[The task]:
From the line containing "[N4-DS-2CD2T46G2P-ISU/SL(C)-233650] [FlexVu] [PROTECCIÓN" through the last line of the entries, output the text exactly. Pictures stay out.

#### Stored data ####

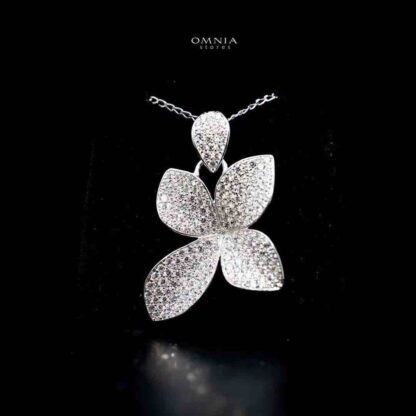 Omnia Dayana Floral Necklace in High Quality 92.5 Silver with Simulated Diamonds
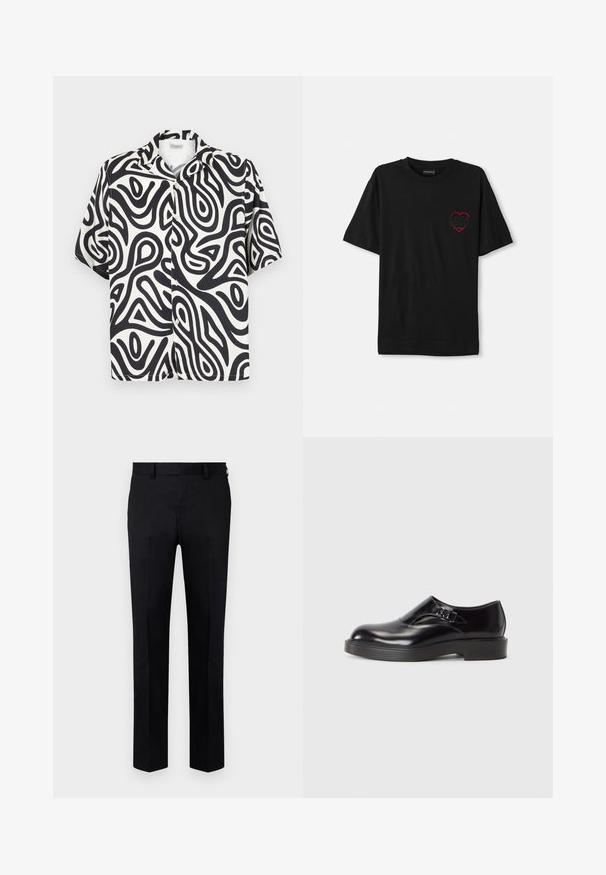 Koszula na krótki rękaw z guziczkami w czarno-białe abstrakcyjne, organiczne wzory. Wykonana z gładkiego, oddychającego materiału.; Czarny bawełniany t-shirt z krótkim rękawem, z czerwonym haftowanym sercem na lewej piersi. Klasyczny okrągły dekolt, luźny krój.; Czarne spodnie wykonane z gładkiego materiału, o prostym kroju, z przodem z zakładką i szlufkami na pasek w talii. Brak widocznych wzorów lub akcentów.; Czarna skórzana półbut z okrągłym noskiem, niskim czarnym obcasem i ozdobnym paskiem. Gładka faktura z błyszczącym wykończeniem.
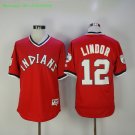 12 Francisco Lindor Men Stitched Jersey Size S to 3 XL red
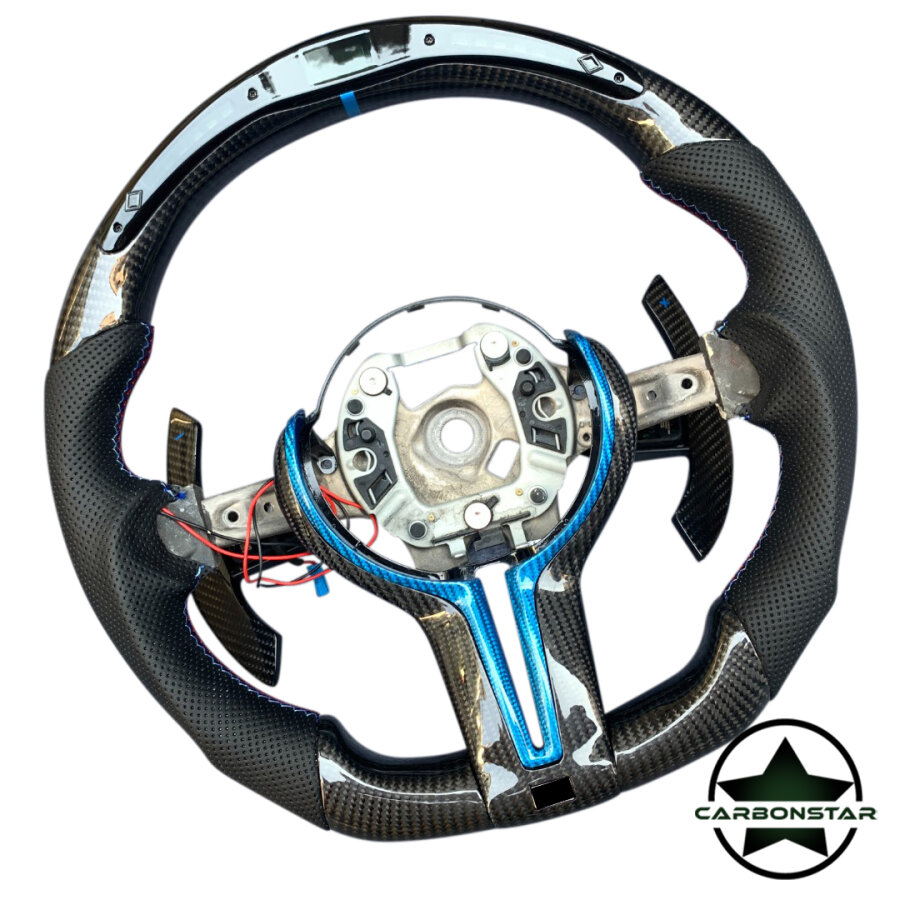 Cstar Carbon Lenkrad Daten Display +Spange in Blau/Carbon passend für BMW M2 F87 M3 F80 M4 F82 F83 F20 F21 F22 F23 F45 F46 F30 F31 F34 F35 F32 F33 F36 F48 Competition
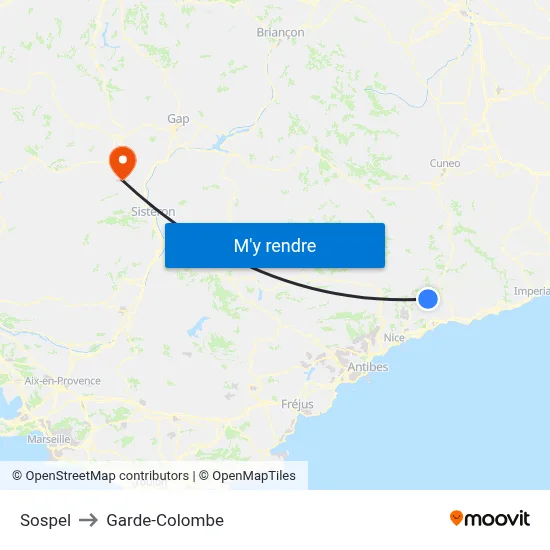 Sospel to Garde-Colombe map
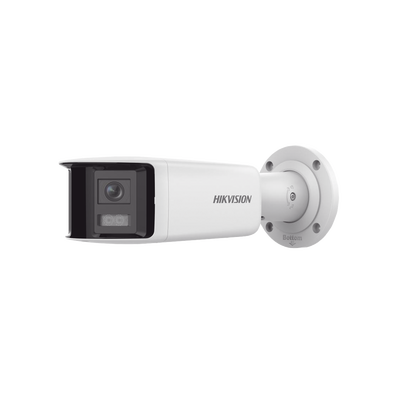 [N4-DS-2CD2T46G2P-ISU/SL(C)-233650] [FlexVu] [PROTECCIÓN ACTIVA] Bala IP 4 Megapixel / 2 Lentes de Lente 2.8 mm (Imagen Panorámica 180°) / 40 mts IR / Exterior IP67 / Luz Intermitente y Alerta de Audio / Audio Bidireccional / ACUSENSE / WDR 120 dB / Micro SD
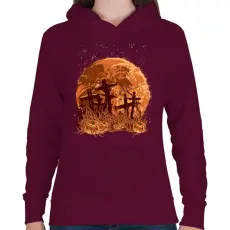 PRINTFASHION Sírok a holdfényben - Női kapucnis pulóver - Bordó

####

[The completed task]:
 [N4-DS-2CD2T46G2P-ISU/SL(C)-233650] [FlexVu] [PROTECCIÓN ACTIVA] Bala IP 4 Megapixel / 2 Lentes de Lente 2.8 mm (Imagen Panorámica 180°) / 40 mts IR / Exterior IP67 / Luz Intermitente y Alerta de Audio / Audio Bidireccional / ACUSENSE / WDR 120 dB / Micro SD
 PRINTFASHION Sírok a holdfényben - Női kapucnis pulóver - Bordó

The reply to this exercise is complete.